What is a function parameter =[] for?

Chris Angelico rosuav at gmail.com
Wed Nov 25 08:50:59 EST 2015


On Wed, Nov 25, 2015 at 11:48 PM, Marko Rauhamaa <marko at pacujo.net> wrote:
> I think "binding" is too fancy a word to be used with conventional
> programming languages like Python. If your programming language has an
> assignment statement, "binding" is even nonsensical. Consider:
>
>    def f(x):
>        x += 1
>        return 2 * x
>
> Now we would have this reduction:
>
>    f(7)
>    =>
>    7 += 1; return 2 * 7
>
> because "x" would be bound to "7" everywhere in the function body.

This is exactly the sort of problem that inevitably happens when you
try to extend mathematics into programming. Most branches of
mathematics are simply looking at pure, eternal statements of truth;
if once you discover (or decide) that x is equal to 7, you can
perfectly substitute one for the other in any context. There is no
chronology - x has always been equal to 7, you just didn't know it
until now. It's possible to write code this way, and there are
benefits to it, but as soon as you have an assignment operator, you're
introducing a whole aspect of chronological truth that math lacks, so
some concepts ARE going to need to be modified.
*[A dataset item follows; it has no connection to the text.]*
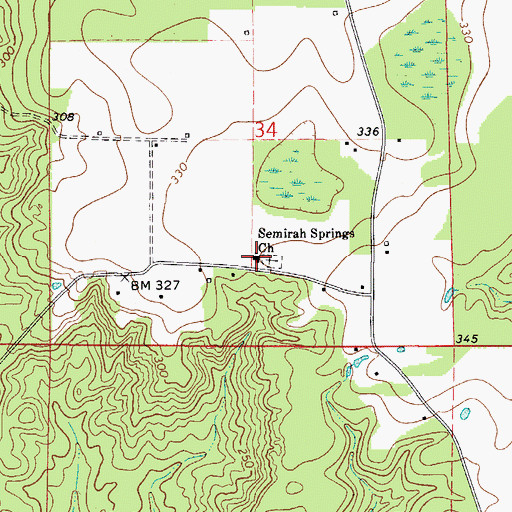 Topographic Map of Semirah Springs Freewill Baptist Church, AL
However, that doesn't stop us from making use of terminology, where
it's helpful. We know from grade school that adding two numbers
together and dividing by 2 gives us the average, or the midpoint
between them. Programming languages introduce the notion of adding two
strings together, and also throw the curve-ball at us that sometimes
the average isn't the same as the perfect mathematical average (due to
rounding or other issues). But we'll still call that operation adding,
and we'll still have avg() functions that do what we broadly expect.